Now—here it comes, so get ready—because I have to eat my words. Every ounce of arrogance that is linked to that one sentence is false. It’s a lie, an error in judgment. It’s utterly ridiculous. Because they say that travel opens us up; every experience we have when we travel changes us.
So today, as I sit on my back porch right now, the humidity wreaking havoc on my hair, perspiration running down my back as I look at my burned out grass in the back yard from lack of rain in the Annapolis area, I am altered. In this setting, devoid of the crashing surf along the rocks in Carmel, the hills of San Francisco and the sounds of the trolley, the view of the 18th hole at Pebble Beach, long, welcoming piers in Santa Barbara and Santa Monica, the breathtaking views from the Hollywood Hills, and the palm trees and seals in the La Jolla Cove, I have come home humbled by the beauty that left me awestruck in California.
I almost had to stop saying “the sentence” a couple of years ago when I spent time in Napa Valley, but it was only a small sampling of California, and not the spectrum of sightseeing and touring we did during this long vacation.
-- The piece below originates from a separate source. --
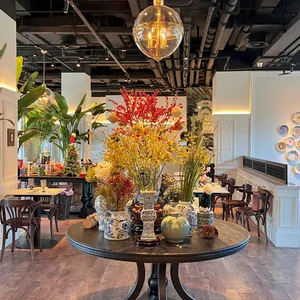 复古西餐厅桌椅 实木雕花餐桌 绒面软包餐椅 商用咖啡馆餐吧 源头工厂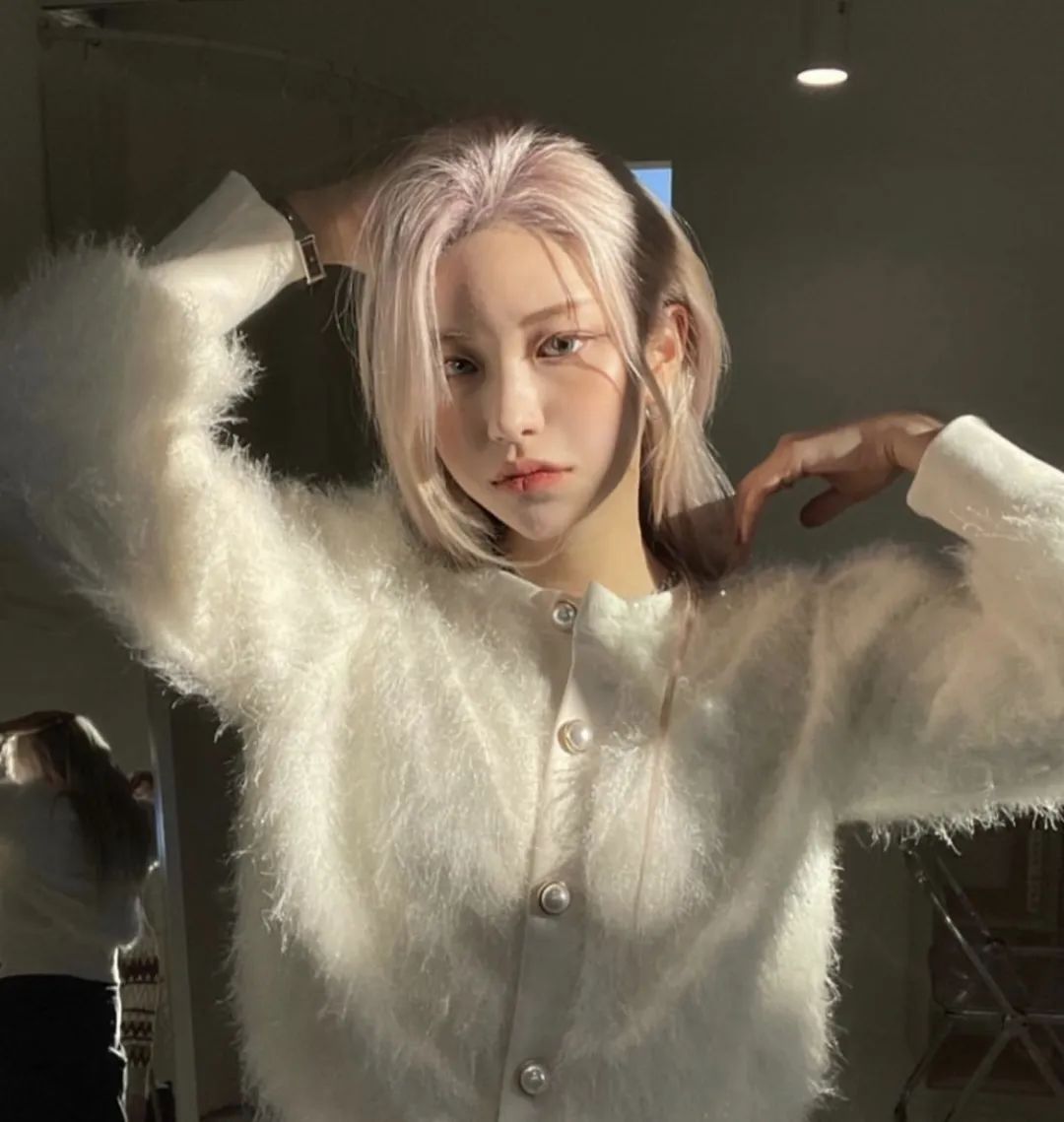 有这几个特点的女生打车去染浅发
Therefore, this woman must take back those words she has said over and over again—I will forever be an East Coast girl, born and raised on this side of the country with much time spent from Maine to Florida, but from here forward, there will always be a spot for the landscape and sights of California wedged within my heart.
Over the next couple of weeks, I’ll be sharing some of my thoughts about each place we visited, explored, and became acquainted with during our two-weeks away.
But for now, let me allow space for my misgivings. I have to leave behind the snobbery I claimed to have when pitting the East Coast vs. the West Coast.
Both coasts are beautiful and remarkable in their own ways, but a day after leaving the sunny, crisp air of California, I’m missing the sight of a lone palm tree blowing gently in the breeze against the backdrop of blue skies and the sound of the crashing surf of the Pacific Ocean.